What "baseless assumptions" have I made so far? Are we still talking about the answer to the problem of evil? Or has the topic moved on? You may need to use a truck: those goal posts don't move themselves, you know.tytalus wrote:So go ahead, if you wish; take it up a level from 'why is there evil' to 'evil is necessary when god created.' Answer 'why did god create'. So far, the nonsensical responses (he just had to) lead to a malicious choice, in contradiction with the god-concept's proposed properties, and so once again it fails on absurdity.
Futurama wrote: Bender: Dying sucks butt. How do you living beings cope with mortality?
Leela: Violent outbursts.
Amy: General slutiness.
Fry: Thanks to denial, I'm immortal.
tytalus wrote:GakuseiDon wrote:tytalus wrote:Although GakuseiDon's faith assumption is unwarranted...
What "faith assumption"?
This one:GakuseiDon wrote:The evidential problem of evil deals with the actual evil we see in this universe. It seems to be unsolvable, since if God does have a purpose or a reason for this evil, He isn't saying. And unless you are omniscient yourself, I'm not sure how you can show that any piece of evil is unnecessary. For liberal Christians like me, it comes down to having faith that God does in fact have a good reason. If He does, then all is good. If He doesn't, then He isn't God. QED, AFAICS.
"faith that God does in fact have a good reason"
tytalus wrote:Although you throw in a 'QED' as if the problem is solved for you, doing it by making assumptions doesn't seem to help; so I found it unwarranted.
tytalus wrote:But as far as theoretically possible, you're right. I should consider the logical part solved (based on some faith assumptions, which are not demonstrated as of yet).
tytalus wrote:GakuseiDon wrote:tytalus wrote:All you've done by calling evil mysteriously necessary is to take the argument up a level.
Nitpick: I didn't say evil is "mysteriously necessary". I said that the empirical problem of evil is unsolvable. Is that true or false?
That's true, but that is not all you said; what you said is copied above. This is after all your unwarranted assumption, that it is necessary, and since you don't know how, mysterious. You may not like the wording but the shoe fits.
tytalus wrote:GakuseiDon wrote:tytalus wrote:You are still left having to explain why your god-concept would in theory make such a choice: why would god create.
True. I don't see the relevance at this time, though, unless you are making assumptions about what I believe. (We need a "mind reader alert!" icon, I think)
I don't have to make assumptions; it is a conclusion based on the arguments you've put forth and the beliefs you've described.

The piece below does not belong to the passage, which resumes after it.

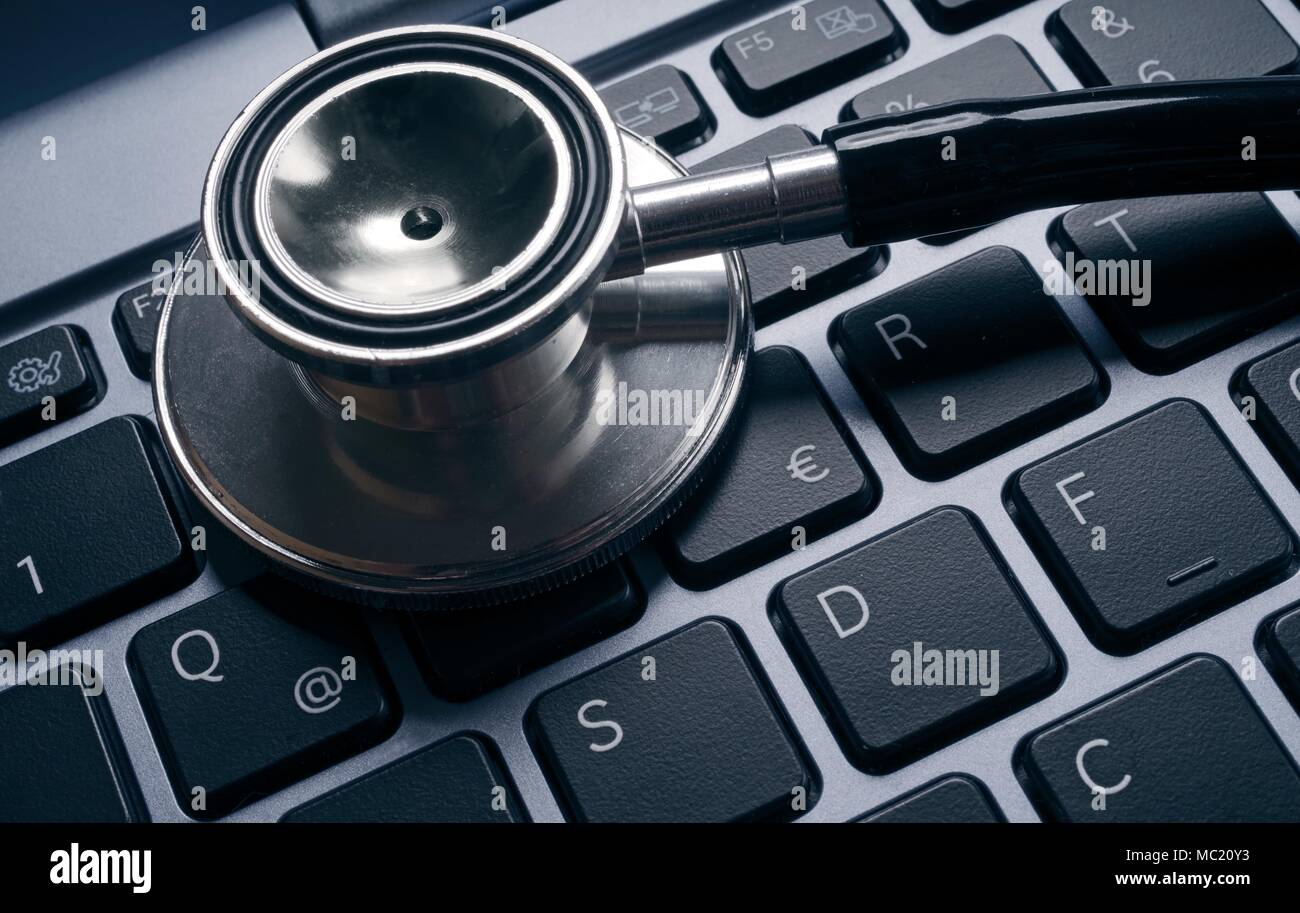 Computer virus concept image. Stethoscope lying on keyboard. Stock Photo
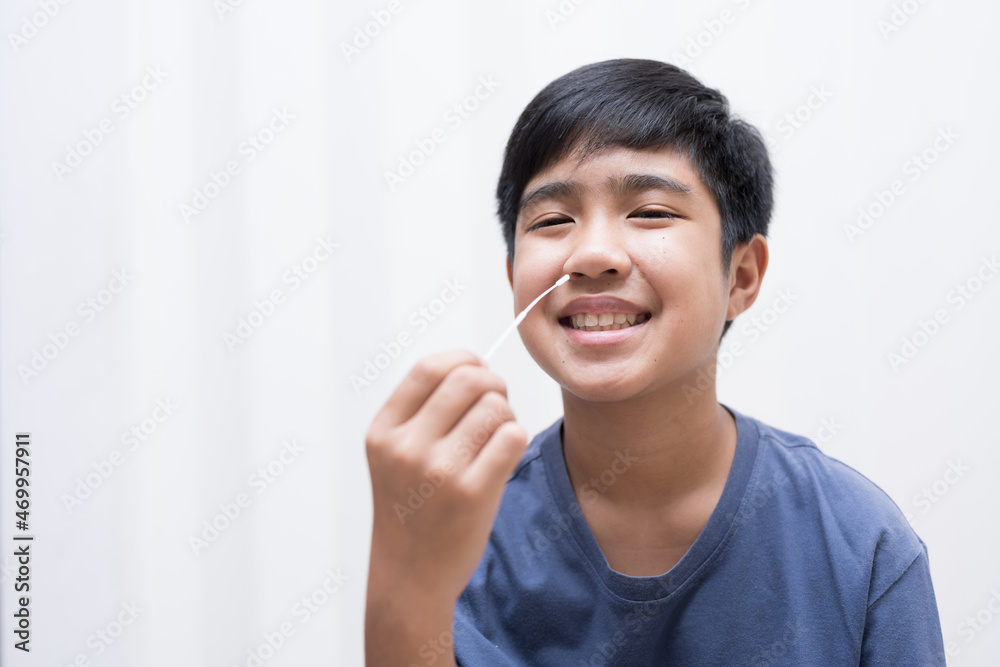 Asian boy self collecting nose swab for corona virus sample.Covid-19 laboratory test.Antigen test kit for rapid nose swab.Nasal swab is a test that takes a sample of cells from the nasopharynx. Asian boy self collecting nose swab for corona virus sample.Covid-19 laboratory test.Antigen test kit for rapid nose swab.Nasal swab is a test that takes a sample of cells from the nasopharynx.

It's a simple question, really. If you accept the limitations put forth by Plantinga's argument, and you have faith that that it's all for good reason, then obviously 'why would god create' is the question you have left hanging. It seems a simple question, really, something people handle all the time. Do you choose to do a thing, knowing that it will turn out bad?

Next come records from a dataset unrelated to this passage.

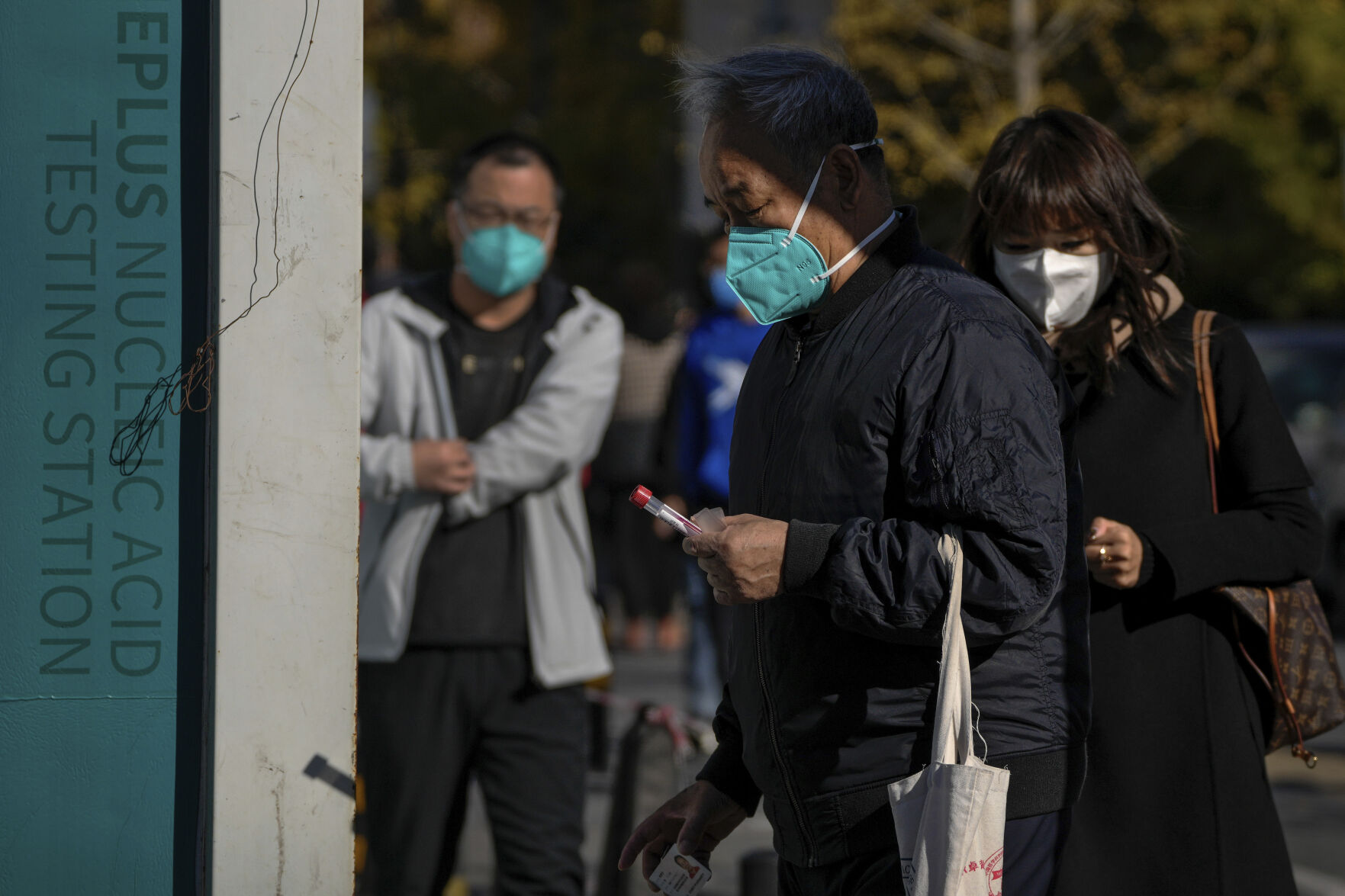<p>A man wearing a face mask holds his testing tube as masked residents line up for their routine COVID-19 throat swabs at a coronavirus testing site in Beijing, Monday, Oct. 31, 2022. (AP Photo/Andy Wong)</p>   PHOTO CREDIT: Andy Wong - staff, AP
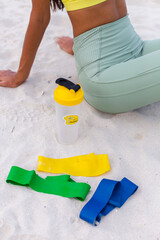 Close no head shot of sporty fit slim woman wearing sport wear, rubber bands and protein shaker lie next to. 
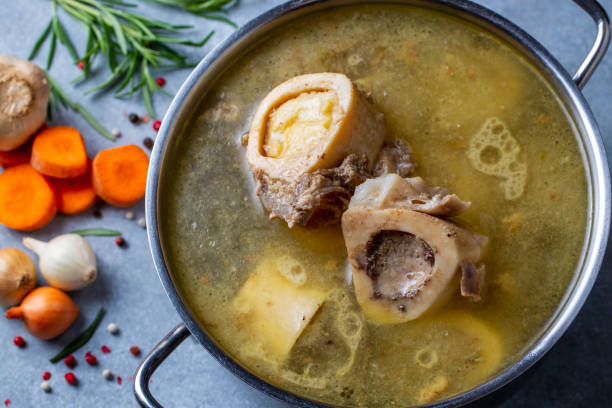 istock Boiled bone and broth. Homemade beef bone broth is cooked in a pot on. Bones contain collagen, which provides the body with amino acids, which are the building blocks of proteins. 1452049469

tytalus wrote:And normal people don't even have access to the omni-powers and know for sure. They can make mistakes. This god-concept couldn't possibly have. In theory.
Futurama wrote: Bender: Dying sucks butt. How do you living beings cope with mortality?
Leela: Violent outbursts.
Amy: General slutiness.
Fry: Thanks to denial, I'm immortal.
GakuseiDon wrote:
Sigh. No, no unwarranted assumption there. I think you saw the "f" word, and that started the blood pumping! "'Faith'? He said 'faith'"??? "Faithhhhhhhhhhhhhhhhhhh!!!"